Both our optimized models are then used for the final training runs. As our test set, we
use parts of the PAN 2017 author profiling data set [26]. Since most of the 2017 corpus
is also used as the 2018 training set, we extract the users that are not used for the 2018
set and use these for testing. This leads to 898 tweets for Arabic, 599 tweets for English
and 1200 tweets for Spanish. Our development set for Arabic, English and Spanish
contain 20% of the original training data and these are randomly selected. These contain
300, 600 and 600 tweets respectively.
     For each language, we run a model twice, once with added translated training data
and once with only the original training data. We train each combination three times,
of which we average the development and test scores.

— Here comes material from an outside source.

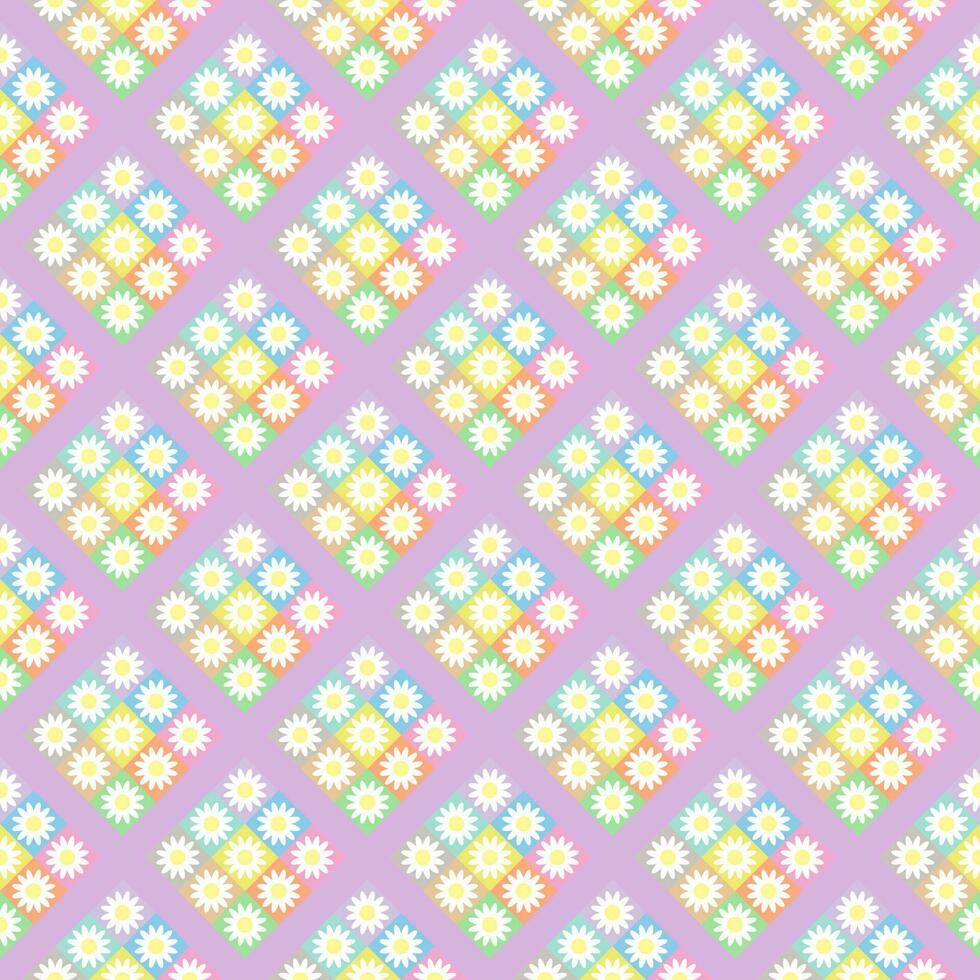 Seamless background with multicolored floral patterns on purple background. vector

For our submission, we use the
saved model with the lowest averaged validation loss based on the development and test
set.


3.4   Images

In addition to the tweet text, the PAN 2018 dataset also includes 10 images for each user.
As could be expected, these images vary wildly in content, ranging from depictions of
text to landscapes. While new to the PAN Author profiling shared task, images have
been used for author gender identification before, for example, [37] used a combination
of image type and image content to classify author gender with an average accuracy of
0.719. One type of picture classification for which a considerable number of tools are
already available is face recognition, making implementation relatively straightforward.

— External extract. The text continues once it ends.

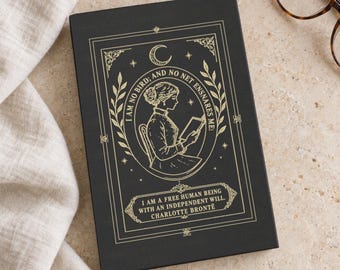 Diário de Jane Eyre, Citação de Charlotte Brontë, Couro Sintético Preto e Dourado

Faces are also a prevalent feature in tweeted images, with [33] finding people depicted
in half of a random set of tweets, prompting us to choose this particular aspect of the
images to use as a feature.
     The PAN 2018 test set contained 10 images for each author, for a total of 30,000
images per language. The images are first processed using the face recognition scripts
of [24], itself a reimplementation of the age and gender detection network created by
[17]. The images that had at least one face in it were selected using a Haar feature-based
classifier found in OpenCV [5]. This resulted in a subset totaling around 8,300 images
per language. Each image is then processed to obtain the number of faces present in
each, as well as the estimated gender of each face as found by the [24] script. Process-
ing the images results in counts for the number of male and female faces found in all
the images of each author. The added information thus consists of two vectors, each
containing one integer for each author: the total number of male faces and the the total
number of female faces found in that author’s images.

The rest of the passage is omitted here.